[Saved entries]

--

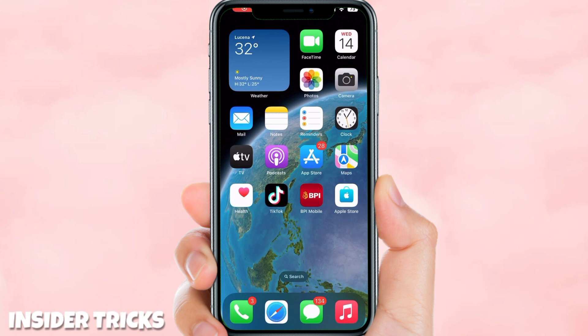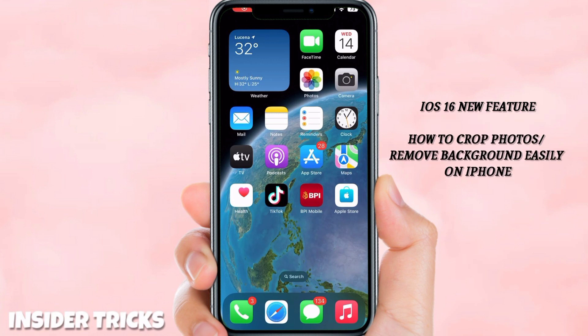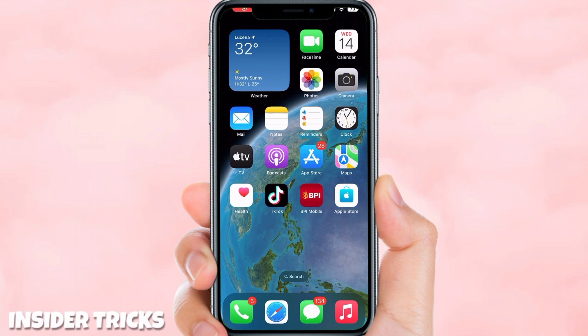Hey guys, welcome back to my YouTube channel! Today's video we're going to have another quick tutorial and I'm going to teach you how you can easily remove background on your photos using iOS 16. This is a new feature from iOS 16 — after the update I discovered it and I will teach you how. Let's start!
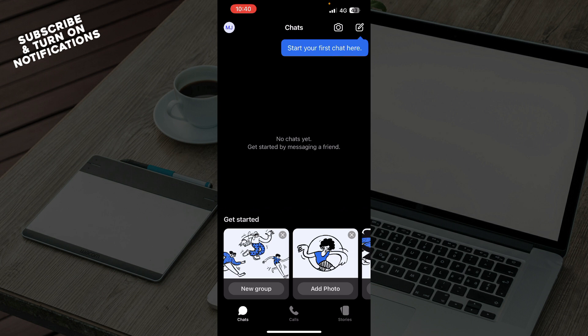The first thing you need to do is go to the Google Play Store or the App Store and download the Signal application. After that, just log into your profile or register to Signal if you haven't already done that.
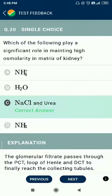Question number 20. Which of the following plays a significant role in maintaining high osmolarity in the matrix of the kidney? The answer is urea and ions.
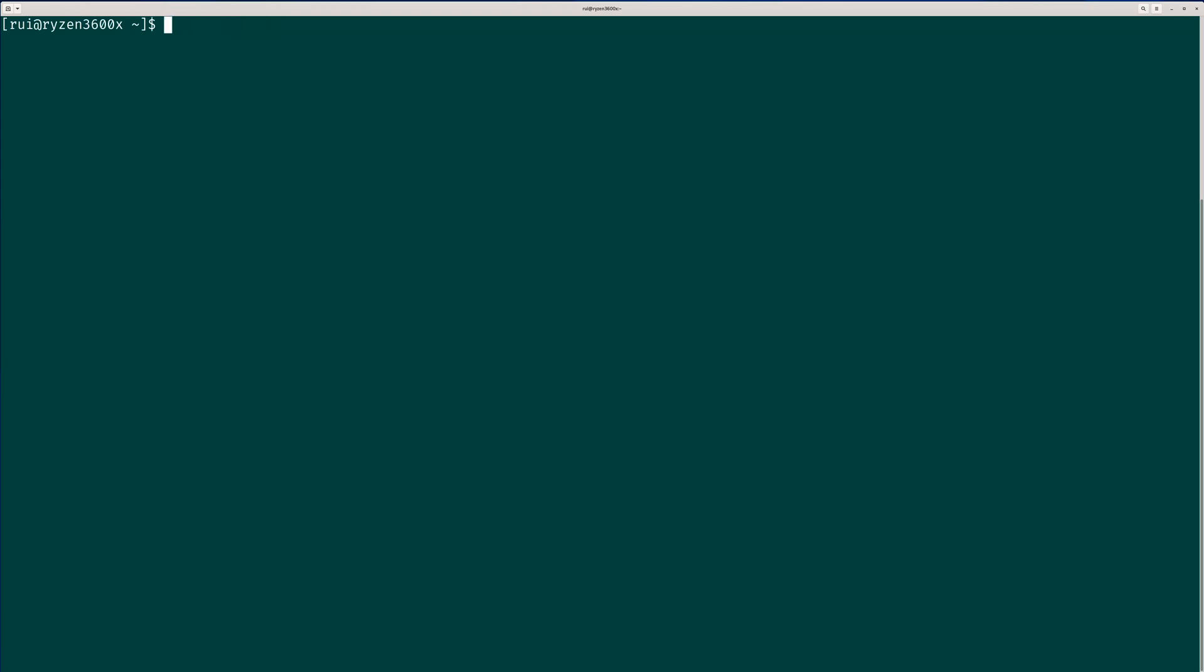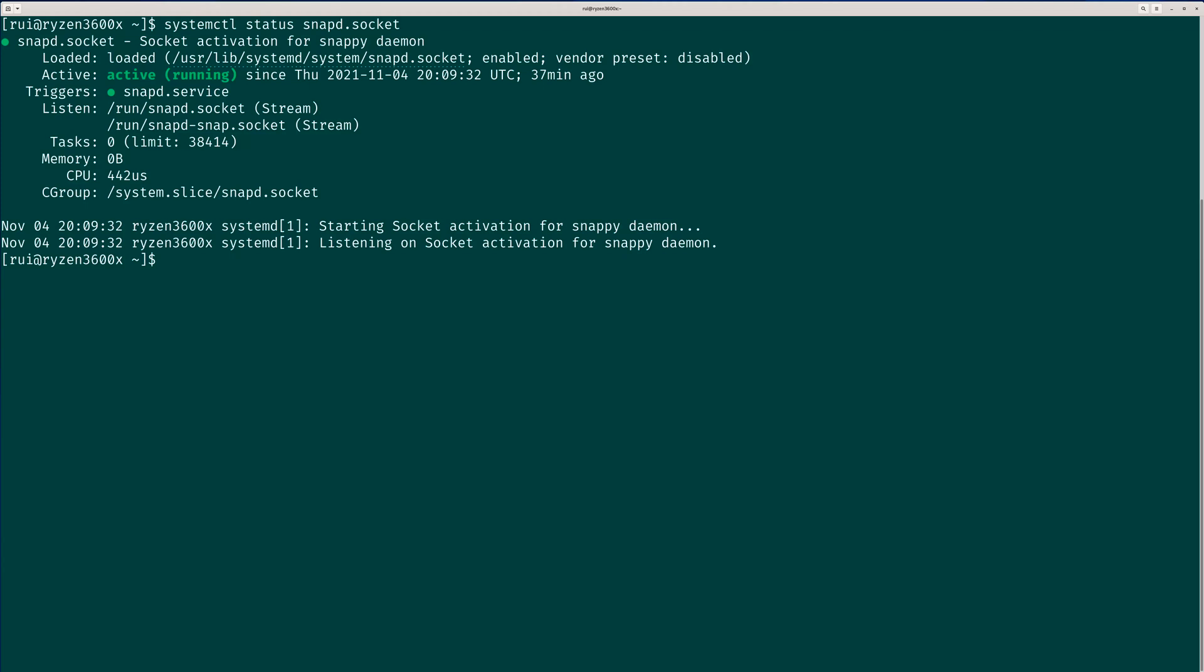Next, enable sudo systemctl enable now snapd socket. Once it is enabled, you check the status: systemctl status snapd socket. So it's running, which is great.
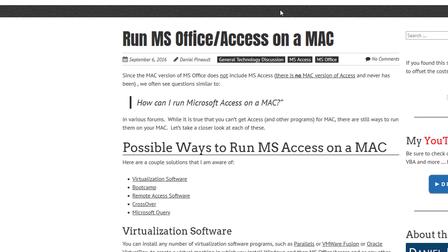So that pretty much wraps it up. Your five possible solutions for running Windows software on a Mac are: virtualization software, Boot Camp, remote access software, CrossOver, and Microsoft Query. Each can be used to run Windows software, Microsoft Office, Microsoft Access, or any other Windows program in a Mac environment. I hope this has been informative and gives you options to explore further — we'll see you in the next video, take care everyone.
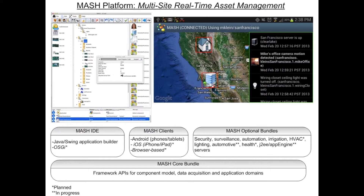As far as the MASH clients go, we've got the Android client, and I would fully expect we would be producing an iOS as well as a browser-based version of the dashboard. When it comes to the optional bundles, a fair number of component domains are already covered: security, surveillance, automation, irrigation, and the rest.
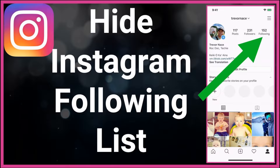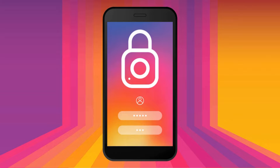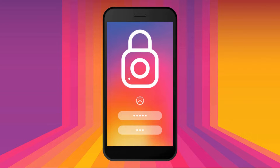Why would you want to hide your Instagram following or followers in the first place? Maybe you are not comfortable with showing who your followers are or who you are following. In such cases you may just need some privacy. This is pretty simple — let me go ahead and pull up my Android device to show you how exactly this is done.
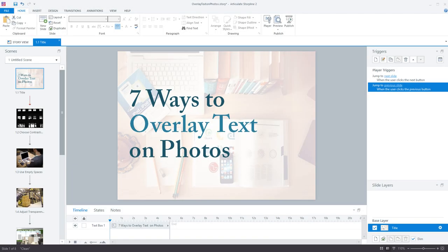Hey gang, Nicole here. As eLearning designers we often face the following struggle. We want to use fun and colorful background images in our courses but we don't want them to interfere with the legibility of our text. So I'm here to help you solve that problem by showing you seven easy techniques for overlaying text on images.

--

Work item: Write out, word for word, the lines from the start of the data through the one holding "So that pretty". Omit pictures.

Final answer:
Hey guys, welcome back to my YouTube channel! Today's video we're going to have another quick tutorial and I'm going to teach you how you can easily remove background on your photos using iOS 16. This is a new feature from iOS 16 — after the update I discovered it and I will teach you how. Let's start!
The first thing you need to do is go to the Google Play Store or the App Store and download the Signal application. After that, just log into your profile or register to Signal if you haven't already done that.
Question number 20. Which of the following plays a significant role in maintaining high osmolarity in the matrix of the kidney? The answer is urea and ions.
Next, enable sudo systemctl enable now snapd socket. Once it is enabled, you check the status: systemctl status snapd socket. So it's running, which is great.
So that pretty much wraps it up. Your five possible solutions for running Windows software on a Mac are: virtualization software, Boot Camp, remote access software, CrossOver, and Microsoft Query. Each can be used to run Windows software, Microsoft Office, Microsoft Access, or any other Windows program in a Mac environment. I hope this has been informative and gives you options to explore further — we'll see you in the next video, take care everyone.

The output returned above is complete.